At the same time, KYC is more than simply complying with the regulations on anti-money laundering and combating the financing of terrorism (AML/CFT).

It's a strategic measure to ensure security for your business, meet customer expectations, expand globally, manage reputation, gain insights into data, and foster business growth.

In this article, we will explore essential tips to help you get your KYC in order, enhance efficiency, and ensure compliance.

What is KYC, and why is it important for your business?

KYC, or know-your-customer, is the process of verifying and assessing your customers' identities and risk levels. 

This procedure is essential for regulatory compliance and reducing risks associated with money laundering, fraud, and other financial crimes. 

KYC ensures your company maintains a secure operating environment and builds customer trust.

Non-compliance with regulations can result in severe consequences, such as financial penalties, legal actions, reputational damage, and business disruptions. 

Besides compliance, it's important to implement a KYC process for several reasons:

  • Your company is protected from legal and regulatory risks, such as fines, sanctions, lawsuits, and reputational damage.
  • Your customers are safeguarded from identity theft, fraud, and other harms that could compromise their trust and loyalty.
  • You can understand your customers better, for instance, their needs, behaviours, and risk profiles. This information helps you tailor your products and services, improve customer experience, and increase retention and loyalty.
  • It allows you to expand your business globally by complying with different jurisdictions' KYC requirements and standards and by accessing new markets and customers.
  • You can enable business growth by reducing operational costs, increasing efficiency, and enhancing revenue opportunities.

How to optimise your KYC process

Improving your KYC process can be challenging, especially if you rely on manual methods that are prone to errors, delays, and inconsistencies. One study shows that up to 60% of KYC review tasks are still performed manually within financial institutions.

By following these three practices, you can optimise your KYC process and achieve better results for your business:

1. Screen customers against relevant and up-to-date lists

To ensure accurate KYC results and reduce false positives, you need to Screening customers against relevant and up-to-date lists, such as:

  • sanctions lists;
  • politically exposed persons (PEPs) lists;
  • adverse media;
  • and other relevant watchlists.

You can utilise comprehensive KYC solutions to enhance the reliability of your screening processes. By leveraging such screening tools, you can minimise risks and ensure compliance. 

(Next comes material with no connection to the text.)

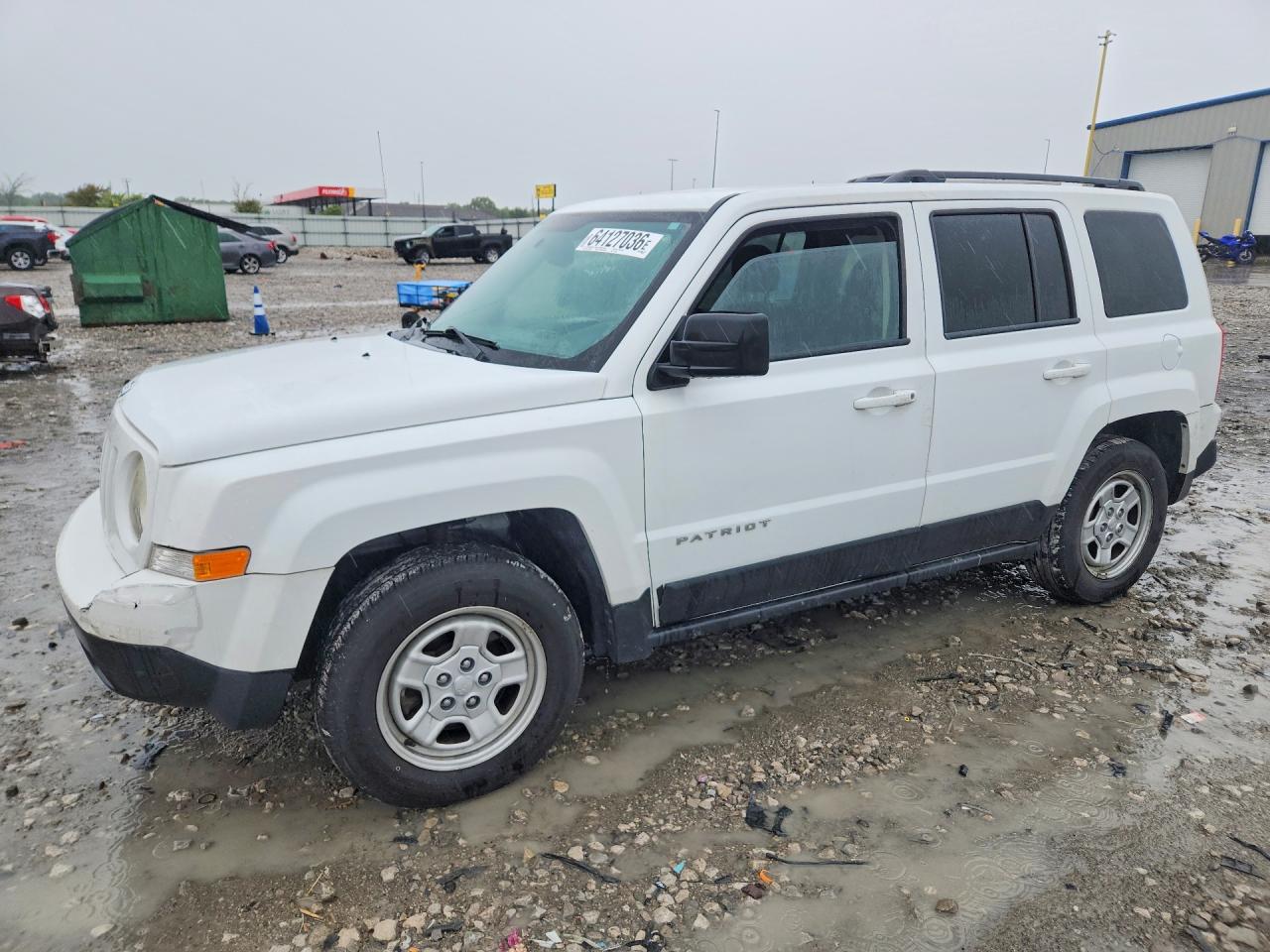 2016 JEEP PATRIOT SPORT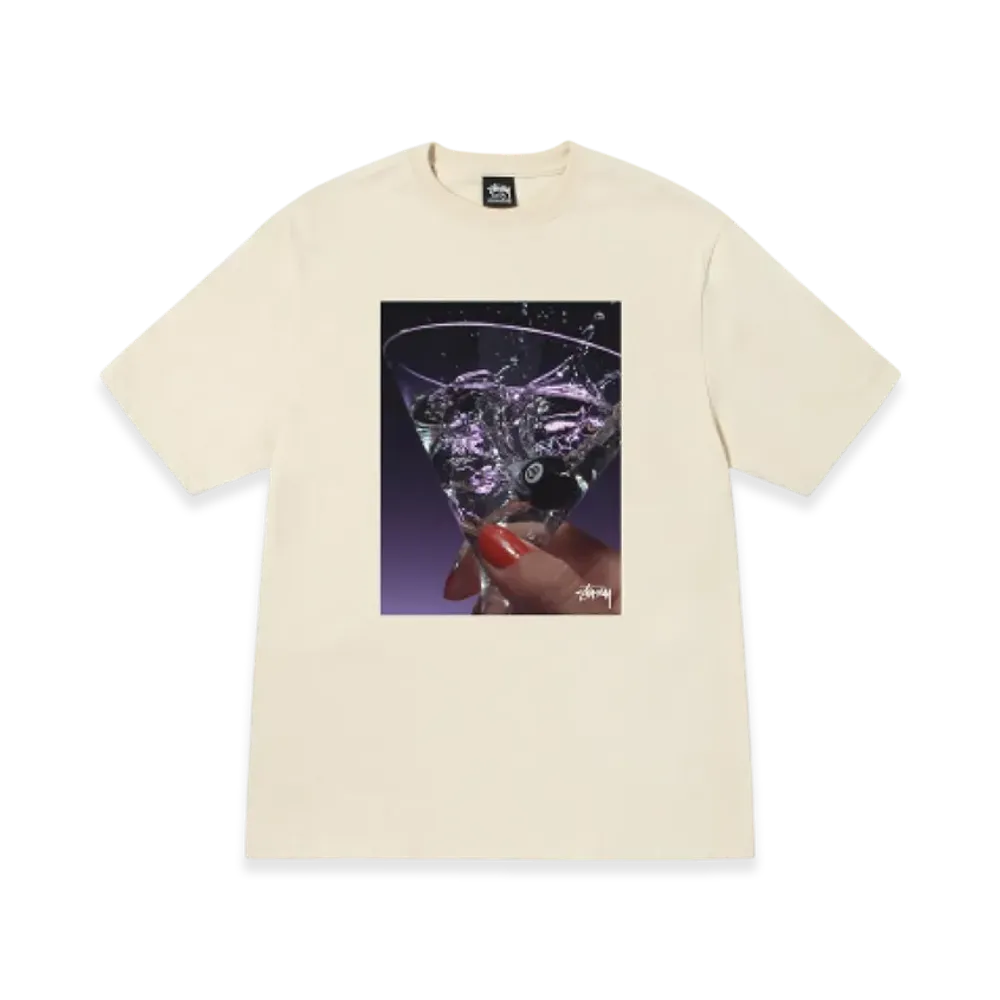 Stussy Martini Tee "Putty"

Moreover, you can use optimal KYC data to reduce false positives and significantly save time and resources.

2. Incorporate KYC processes into the broader risk assessment of your business

KYC is not simply a one-time activity, but a strategy that requires regular review and updates. 

Customer information can change within 6-12 months due to life events, business changes, or other factors affecting their risk profiles and compliance status. 

Therefore, you need to integrate your KYC processes into your broader risk assessment framework and monitor your customers' activities and transactions on an ongoing basis. 

Doing so allows you to adapt to changing risk scenarios, make informed decisions, and link your KYC data to your ongoing due diligence processes. 

For example, if a customer's risk profile changes due to a new business venture, you can proactively adjust your risk mitigation strategies and perform enhanced due diligence. 

This integration ensures comprehensive risk management and compliance.

3. Establish a scalable KYC process

As your business grows, your KYC process needs to be flexible and scalable to accommodate new clients and evolving compliance requirements. 

Onboarding new clients, including different types of customers, such as individuals, businesses, or entities, should be consistent, fast, and easy, rather than cumbersome and time-consuming.

To achieve this, you need to invest in a scalable KYC solution that can handle increasing volumes of data and simplify onboarding processes. 

For instance, you can use Trapets Screening to enable instant screening and onboard new customers faster and more efficiently. Establishing a scalable KYC process allows you to onboard clients effectively and focus on growth without hindrances.


KYC is a vital process for your business, not only for complying with regulations but also for enhancing your performance and growth.

Following the best practices and tips can improve your KYC process and achieve better results.

If you need help with your KYC process, you can contact us and try our screening solution, which can help you verify and assess your customers' identities and risk levels and onboard them faster and more efficiently.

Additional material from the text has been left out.